▶ What the task requires: Using the material below, repeat exactly the lines from the one with "usb lader stuurbevestiging" through the one with "View from airplane window", ends included, without any images.

▶ The input:
========================================
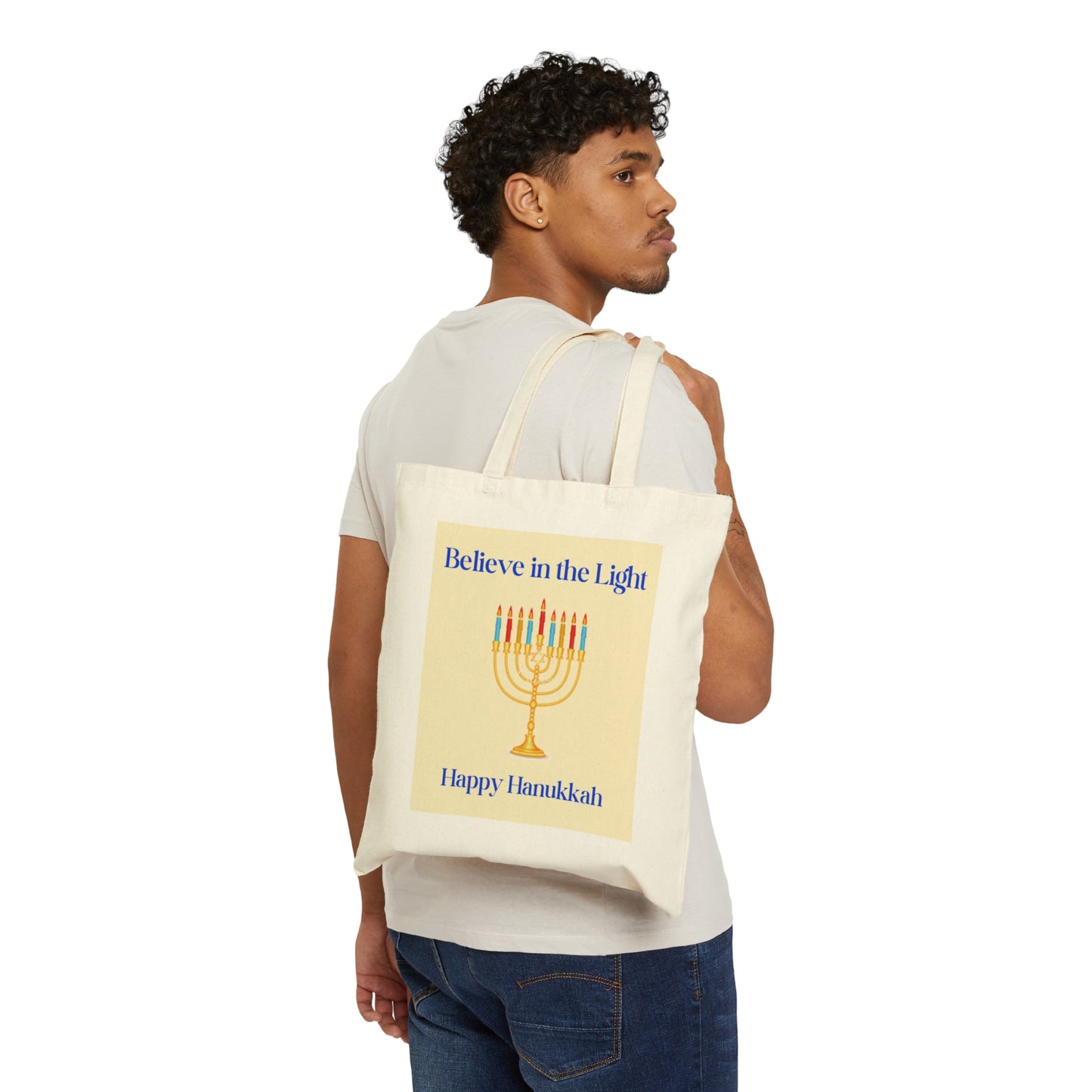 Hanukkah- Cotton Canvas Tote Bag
========================================
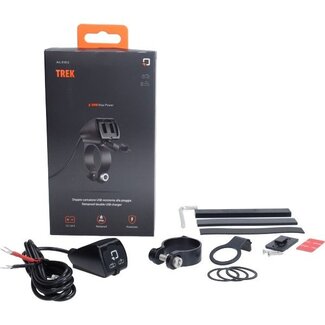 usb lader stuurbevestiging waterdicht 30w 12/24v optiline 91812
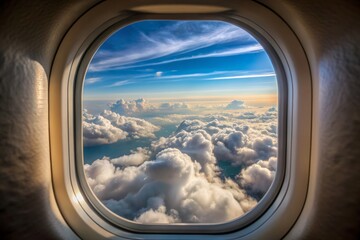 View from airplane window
========================================
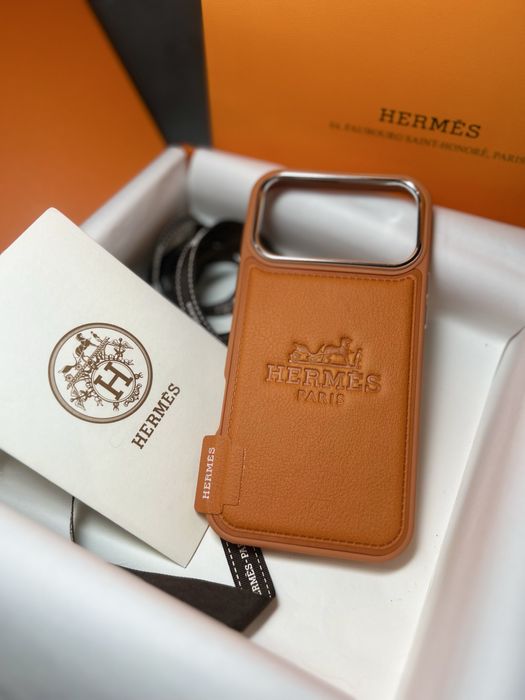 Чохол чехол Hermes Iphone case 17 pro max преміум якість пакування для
========================================
▶ Written solution:
 usb lader stuurbevestiging waterdicht 30w 12/24v optiline 91812
 View from airplane window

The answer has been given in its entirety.